This work proposes a governance-centric hybrid multi-agent architecture to address the limitations of current safety mechanisms in autonomous decision-making systems—such as large language models—where safety is often tightly coupled with training, leading to opaque behavior, poor auditability, and high update costs. The framework decouples decision generation from safety governance: a Proposer agent generates candidate actions, while a Safety Oracle provides safety signals, and a governance-oriented multi-agent system (MAS) enables auditing, verification, and version-controlled updates. Crucially, the approach introduces the principle of “patch locality,” allowing most safety issues to be resolved by updating managed Oracle artifacts rather than retraining the underlying model. This design supports highly capable yet fallible autonomous systems through explicit, auditable, and version-managed safety oversight that facilitates continuous evolution.

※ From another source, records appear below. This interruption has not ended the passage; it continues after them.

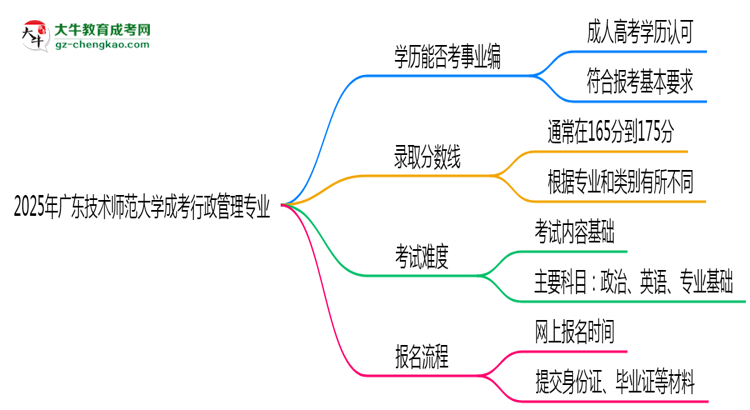2025年廣東技術(shù)師范大學(xué)成考行政管理專業(yè)能考事業(yè)編嗎？思維導(dǎo)圖
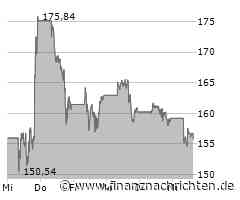 Amazon-Aktie: Der China-Schlag!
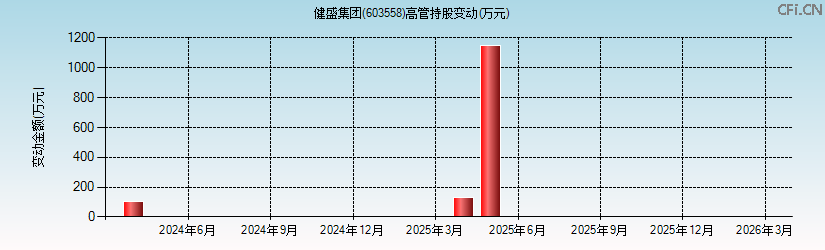 健盛集团(603558)高管持股变动图 健盛集团(603558)高管持股变动图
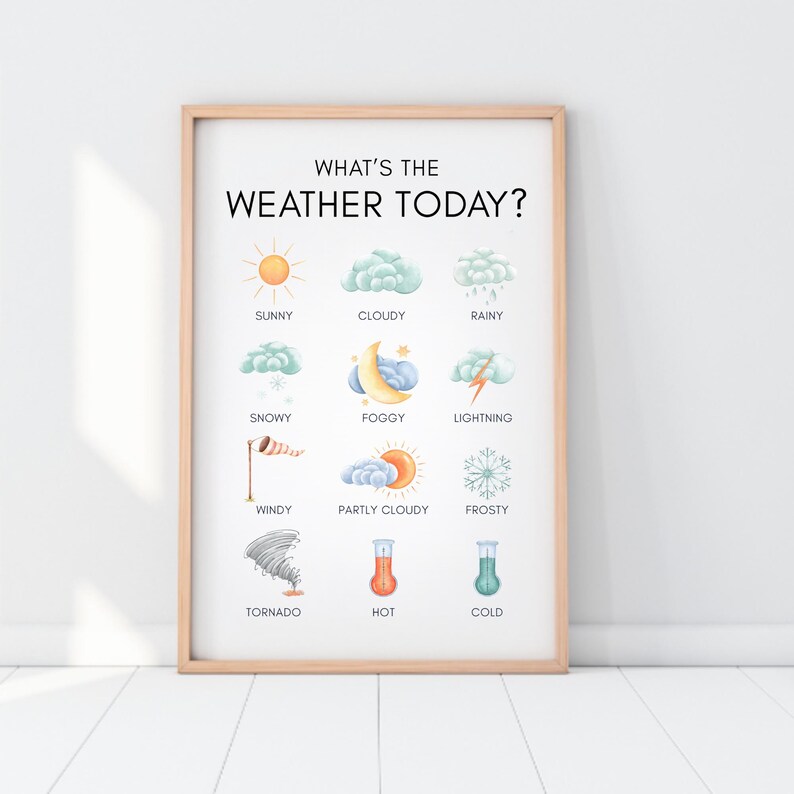 Printable Weather Poster for Kids | Calm Classroom Decor | Educational ...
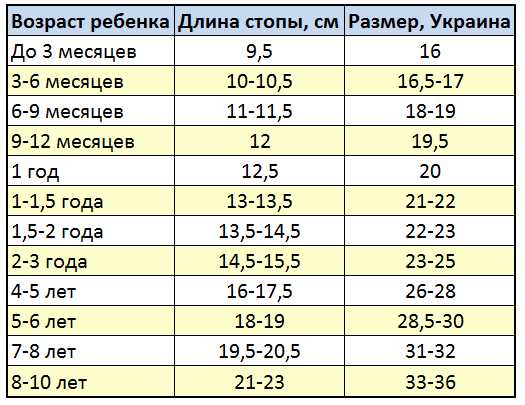 Размер ноги годовалого мальчика: таблица и советы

Multi-agent systems provide mature methodologies for role decomposition, coordination, and normative governance, capabilities that remain essential as increasingly powerful autonomous decision components are embedded within agent-based systems. While learned and generative models substantially expand system capability, their safety behavior is often entangled with training, making it opaque, difficult to audit, and costly to update after deployment. This paper formalizes the Alignment Flywheel as a governance-centric hybrid MAS architecture that decouples decision generation from safety governance. A Proposer, representing any autonomous decision component, generates candidate trajectories, while a Safety Oracle returns raw safety signals through a stable interface. An enforcement layer applies explicit risk policy at runtime, and a governance MAS supervises the Oracle through auditing, uncertainty-driven verification, and versioned refinement. The central engineering principle is patch locality: many newly observed safety failures can be mitigated by updating the governed oracle artifact and its release pipeline rather than retracting or retraining the underlying decision component. The architecture is implementation-agnostic with respect to both the Proposer and the Safety Oracle, and specifies the roles, artifacts, protocols, and release semantics needed for runtime gating, audit intake, signed patching, and staged rollout across distributed deployments. The result is a hybrid MAS engineering framework for integrating highly capable but fallible autonomous systems under explicit, version-controlled, and auditable oversight.